No entanto, isso não parecia sensato para ela, uma vez que os meninos nunca despertaram a sua atenção e sim Ruby, uma linda morena. Ao chegar em casa, Emma encontrou Roland em seu quarto. O menino, com muita cautela, tirou a mochila das costas de Emma. Em seguida, Emma sentou-se na cama e ele tirou seus sapatos e em seguida sua camisa.
Ela jamais havia passado por uma situação daquelas e permaneceu imóvel, uma vez que ninguém havia lhe dado carinho e atenção daquela maneira. O garoto tirou seu sutiã e massageou seus seios com muito cuidado. Emma estava se sentindo incrivelmente leve e relaxada, e deixou que Roland a deitasse na cama. Ele era bonito, tinha que concordar, mas ela estava de olhos fechados, e não conseguia parar de imaginar que quem estava lhe tocando, na verdade, era Ruby.
Quando esse pensamento lhe fugiu, ela por puro instinto esbofeteou o menino no rosto repetidas vezes. Em segundos, o rosto de Roland encontrava-se cheio de sangue e Emma vestida suas roupas o mais rápido que podia.

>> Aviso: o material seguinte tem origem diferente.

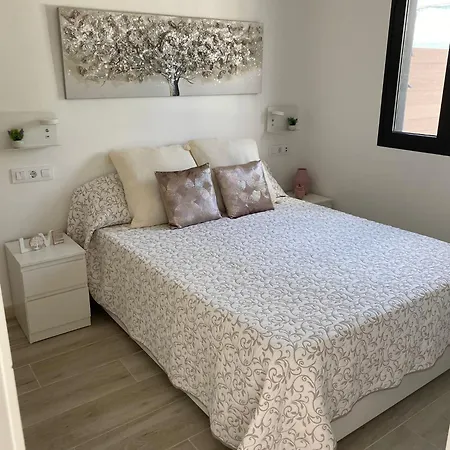 Con Entrada Privada Y Gran Terraza Soleada - Alhu マスパロマス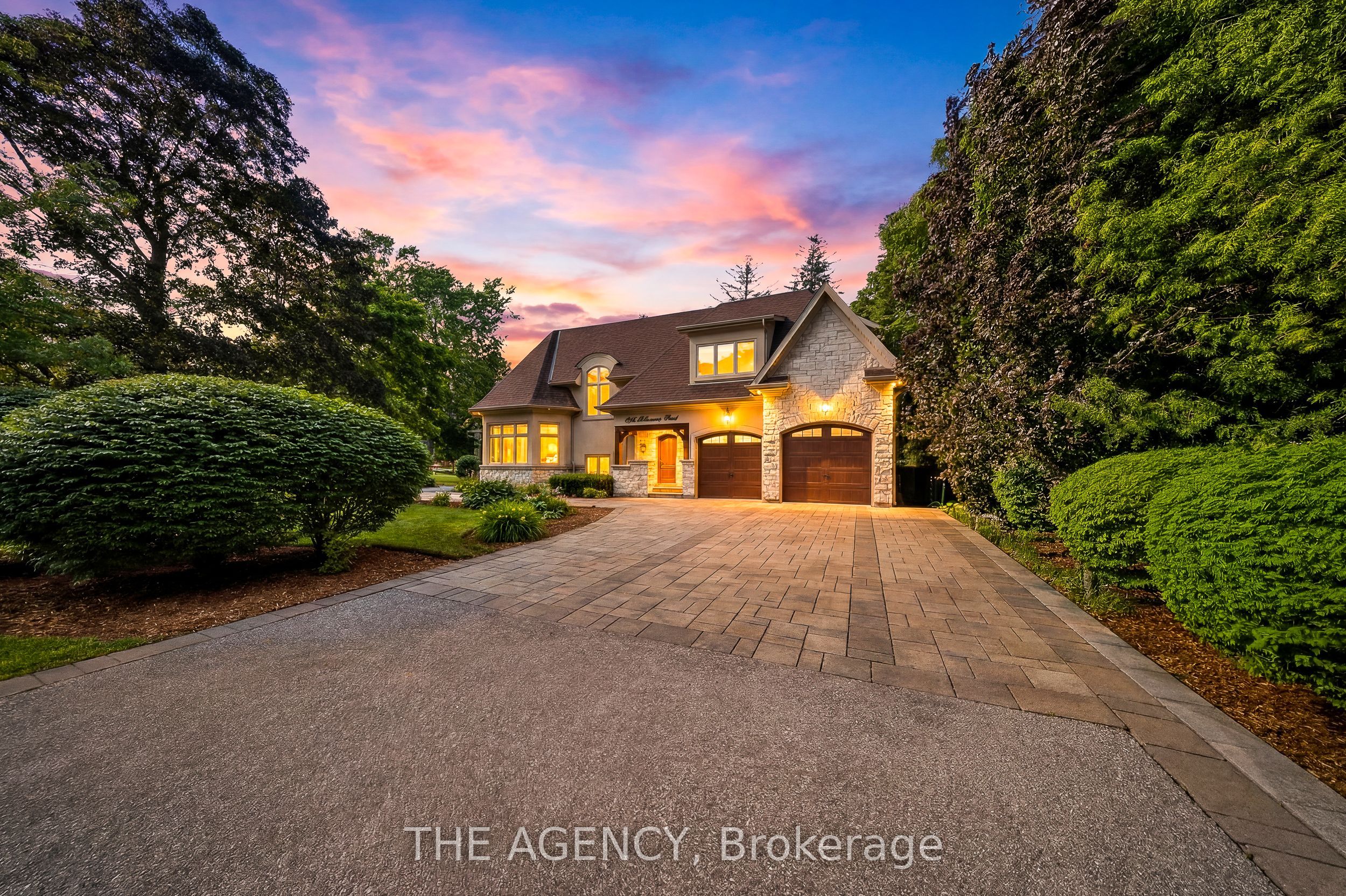 1098 Lakeshore Road W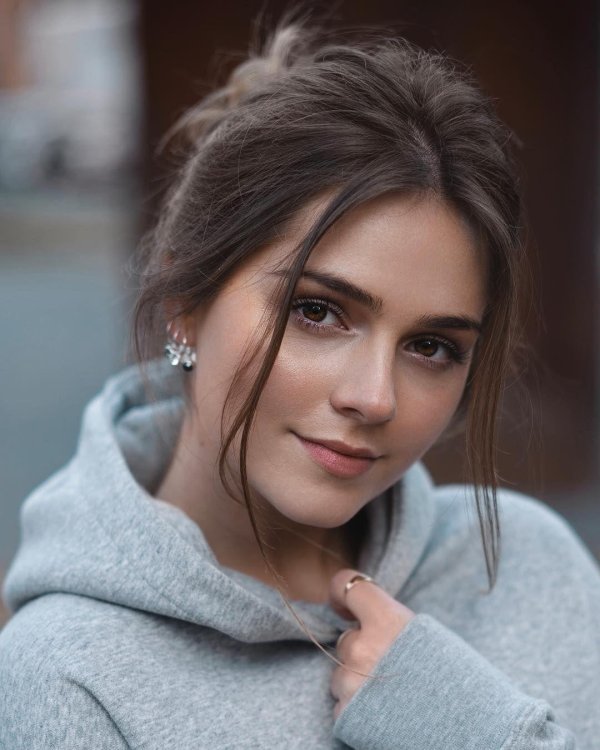 Самая милая девушка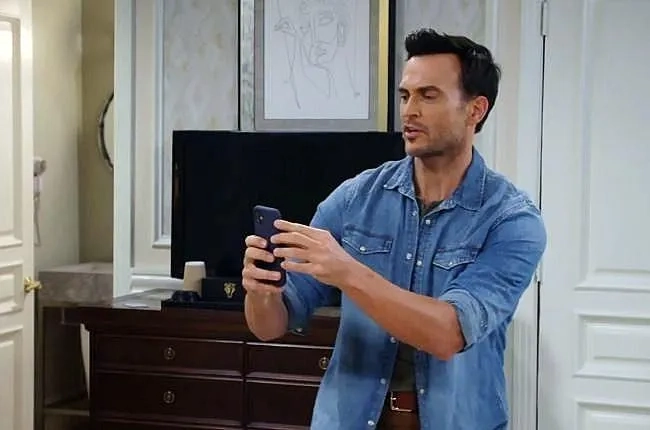 Cheyenne Jackson in Call Me Kat (2021)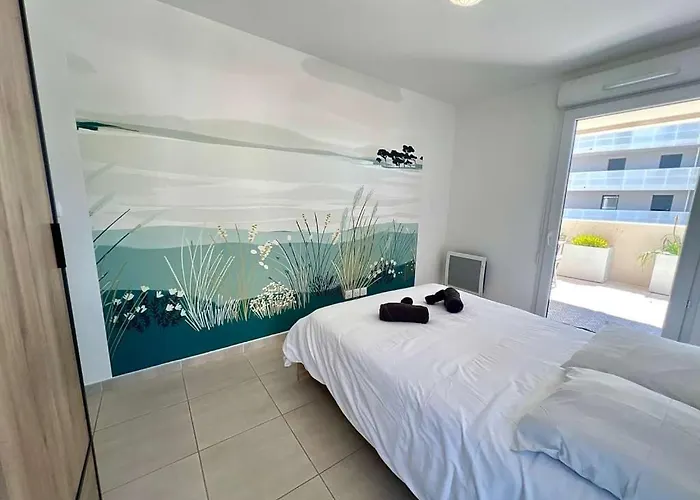 Spacieux Et Lumineux Dans A 650m De La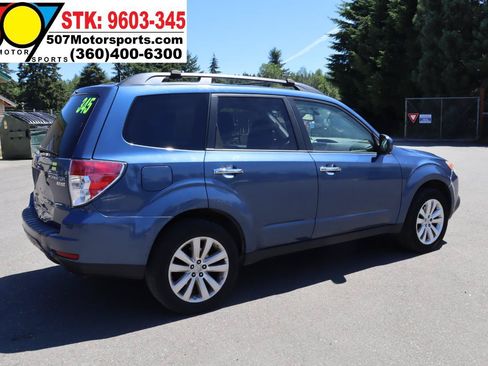Used 2011 Subaru Forester 2.5X Limited AWD/4WD image 7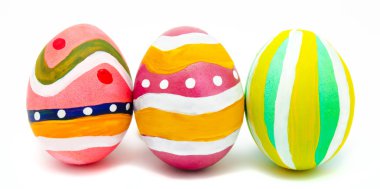 Mükemmel renkli el yapımı Paskalya yumurtaları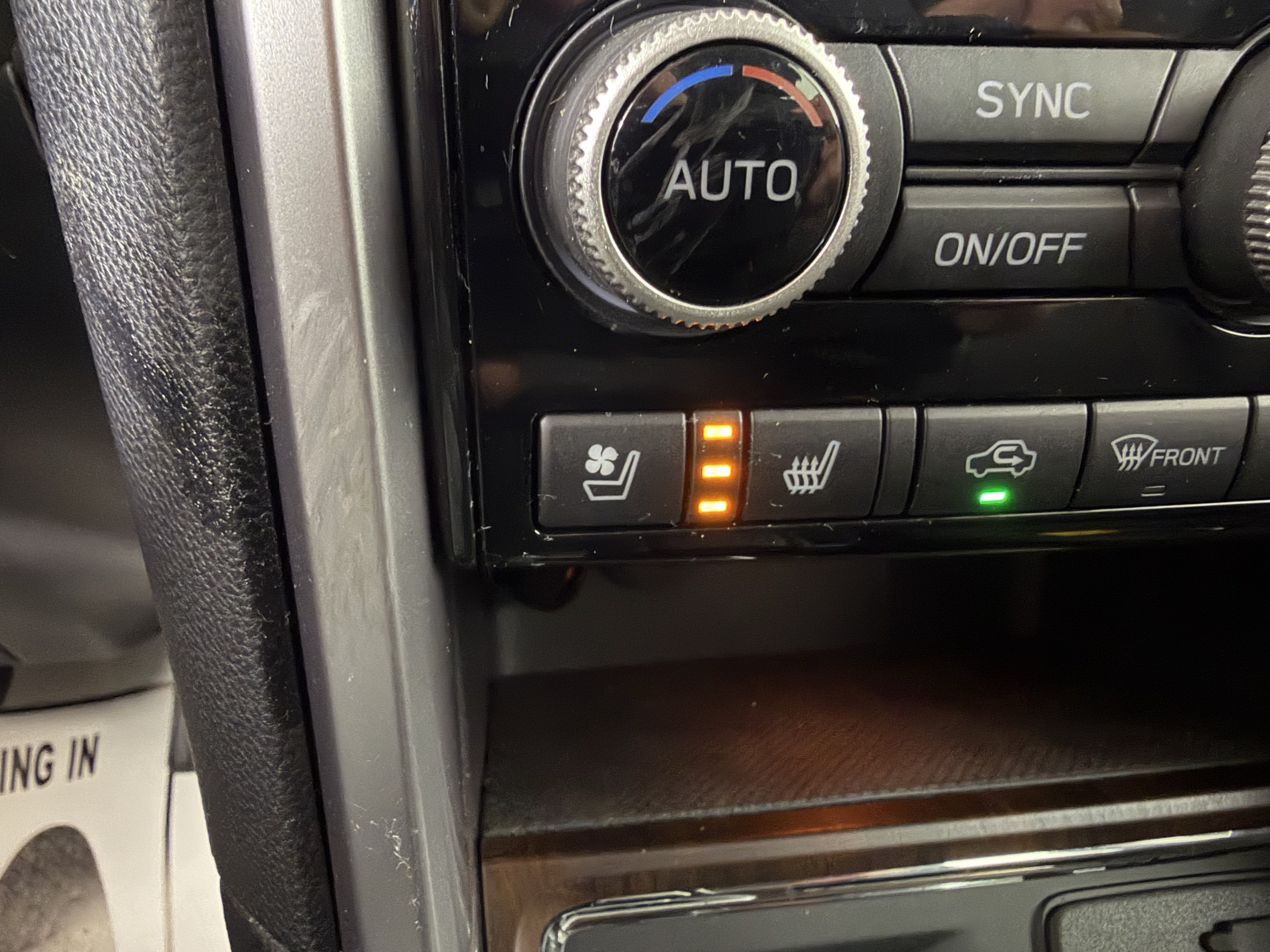 Used 2022 Subaru Ascent Touring AWD/4WD image 27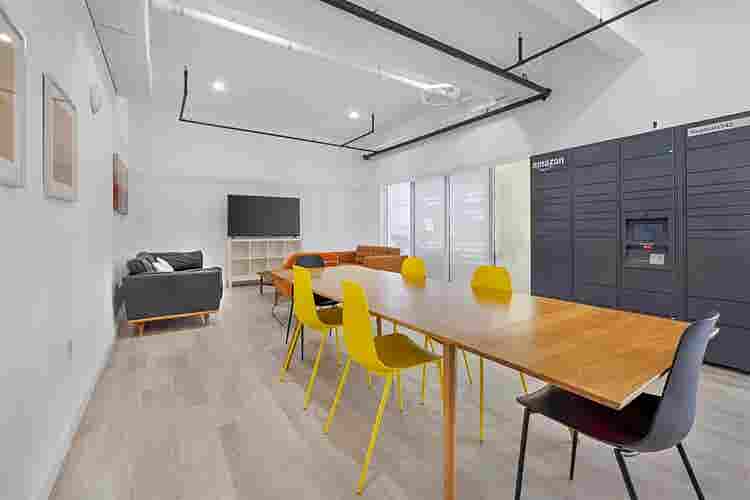Fully Furnished Room w/ Utilities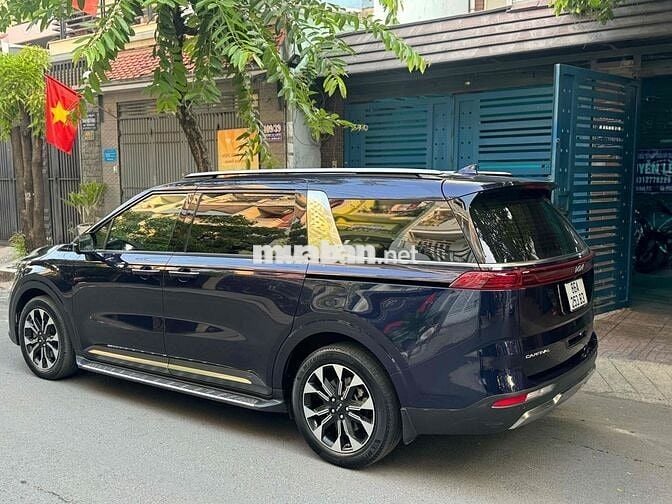 Kia Carnival 2023 Signature 2.2D - 48000 km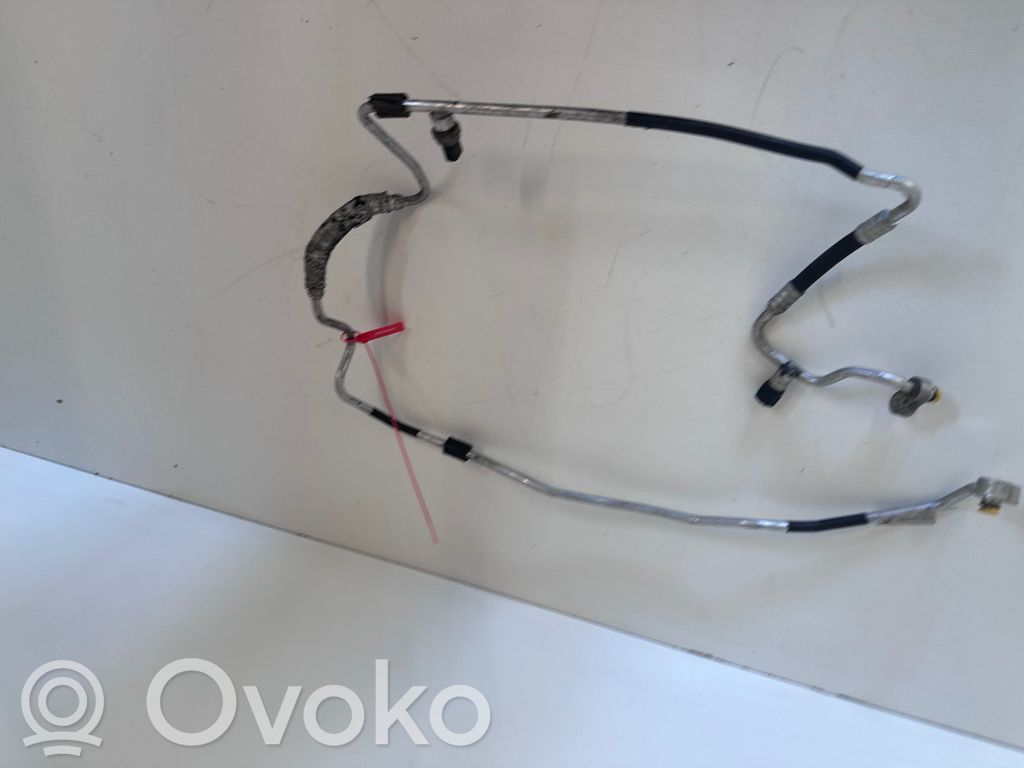BMW 3 E90 E91 Air conditioning (A/C) pipe/hose 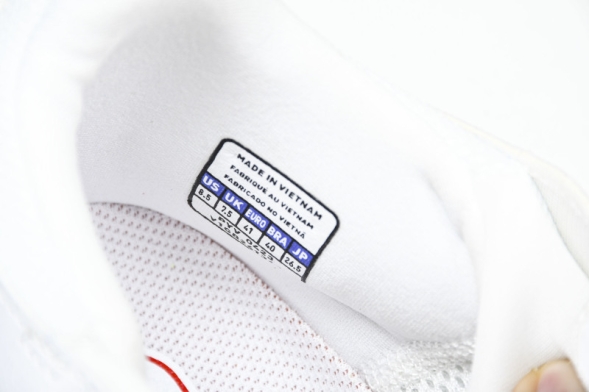 Mizuno Wave Momentum V1GB241346 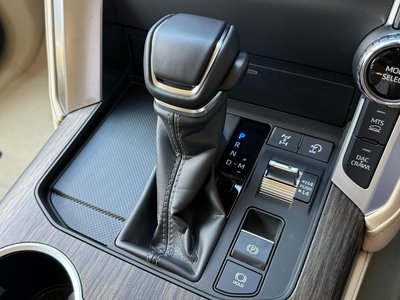 2024 Toyota LAND CRUISER 300 thumbnail 60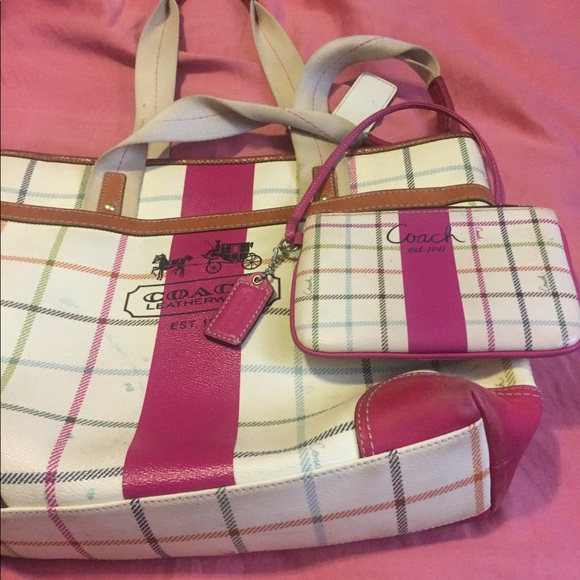 Coach handbag and wristlet set - Picture 1 of 3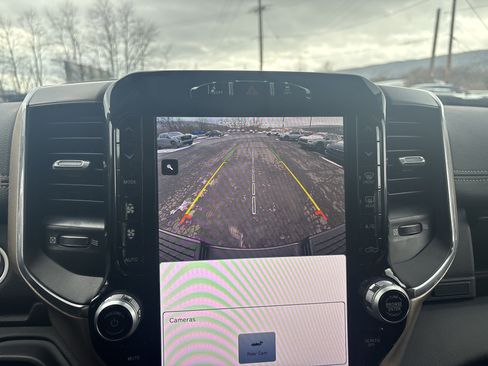 Used 2024 RAM 2500 Laramie w/ Safety Group image 26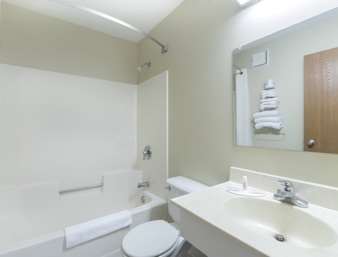 Super 8 by Wyndham Perham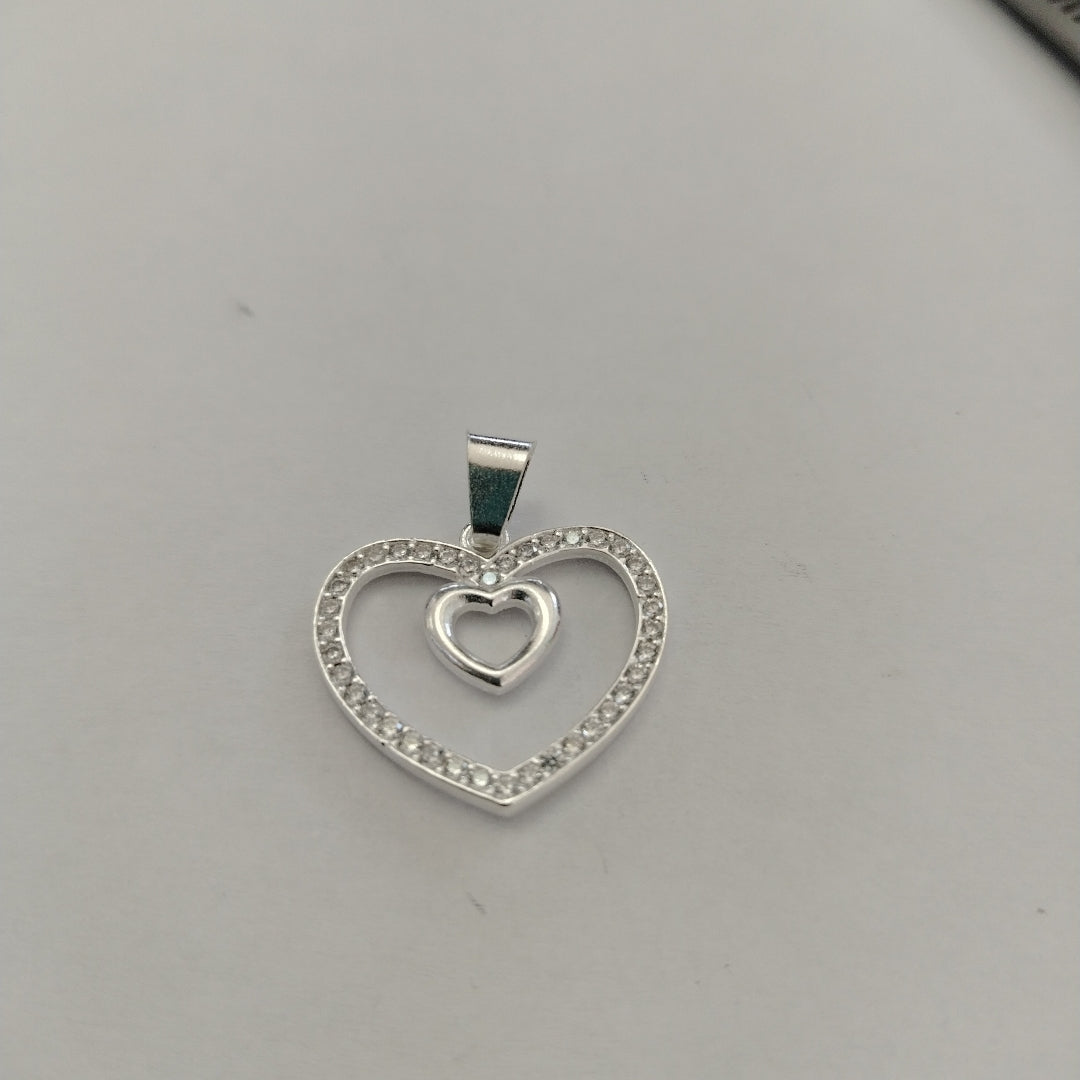 DIJE CORAZON C/CIRCONIAS PLATA .925 2.7 GR (NUEVO)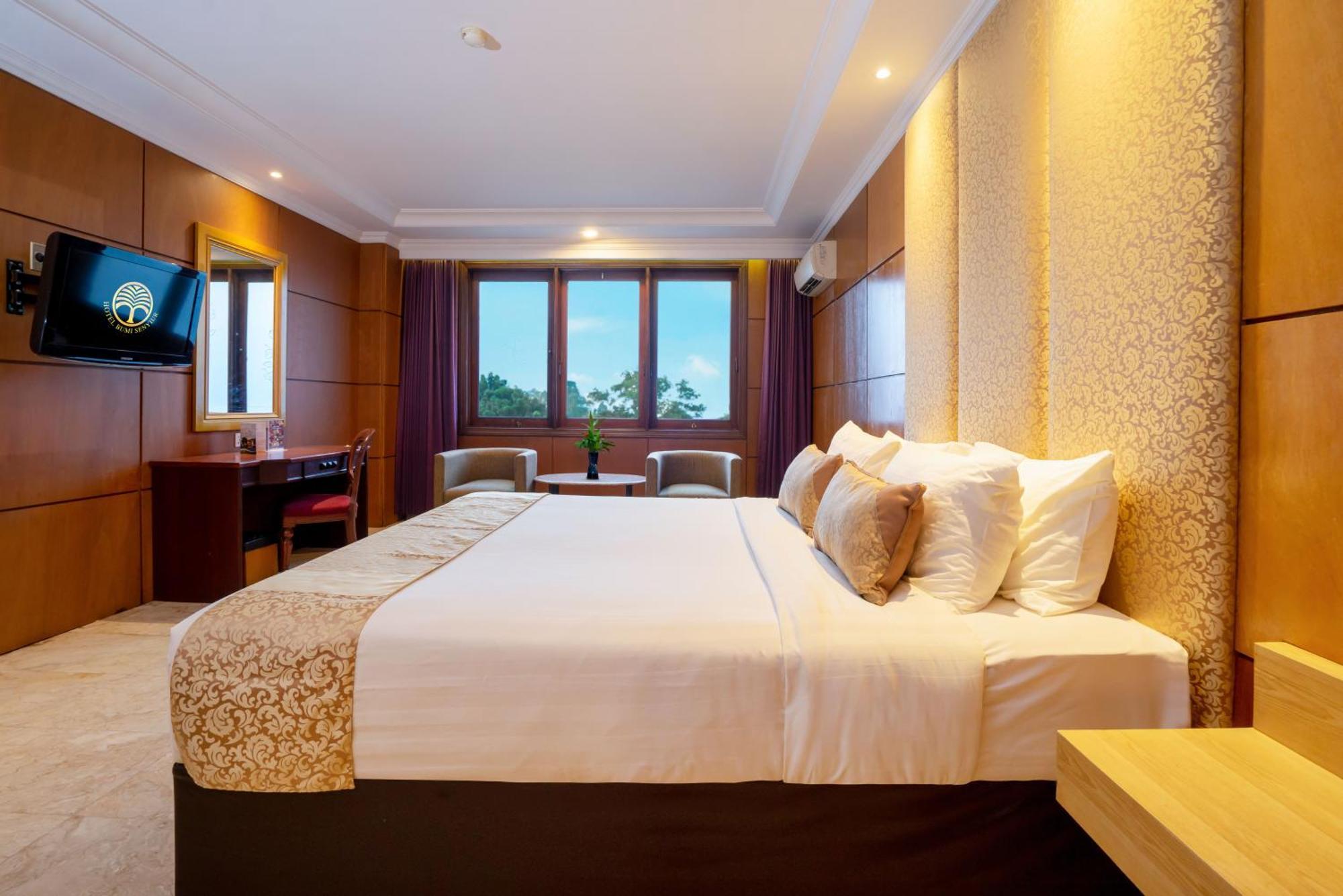 Hotel Bumi Senyiur Samarinda Dış mekan fotoğraf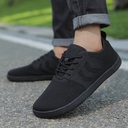 Wide-fit sports shoes woven with lightweight, breathable Flying technology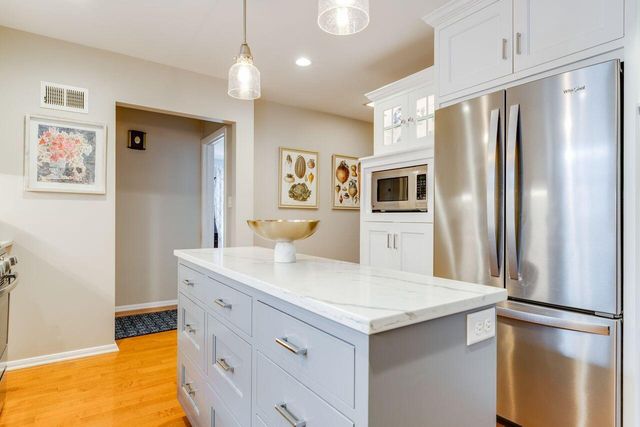 162 N 86th STREET, Wauwatosa, WI 53226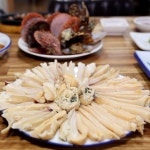 동네한바퀴 거제 성포항 코끼리조개 한 상 맛집 위치는? 3대째 잇는 자연산 횟집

Um barulho rápido e estrondoso ecoou pelo quarto: Zelena a olhava fixamente, e aquele olhar bondoso desapareceu.
—Maldita seja, Emma Swan! Você vai pagar por isso, vadia!- Gritava Roland sem parar.
—Emma, saia daqui, por favor.- Falava Zelena.
—Mas eu não fiz nada errado, mãe. Foi Roland que fez! Ele me tocou!-disse Emma.
—Desculpe-me, mas você não tem o direito de me chamar assim. Saia desta casa, Emma, e não volte até tudo estar resolvido.
Emma correu porta afora. Suas lágrimas caíam pesadas e salgadas, como se fossem derrubar a loira. A casa de Ruby estava diante dos seus olhos e, quando ela percebeu, a morena estava a consolando. Em poucos minutos, Emma sentia-se como se o mundo tivesse parado e que só existia ela e Ruby. A loira fixou os seus olhos nos lábios da morena, que estavam cobertos por um batom vermelho, e beijou-a. Aquela era a melhor sensação que ela já havia sentido, e as duas se amaram por horas a fio.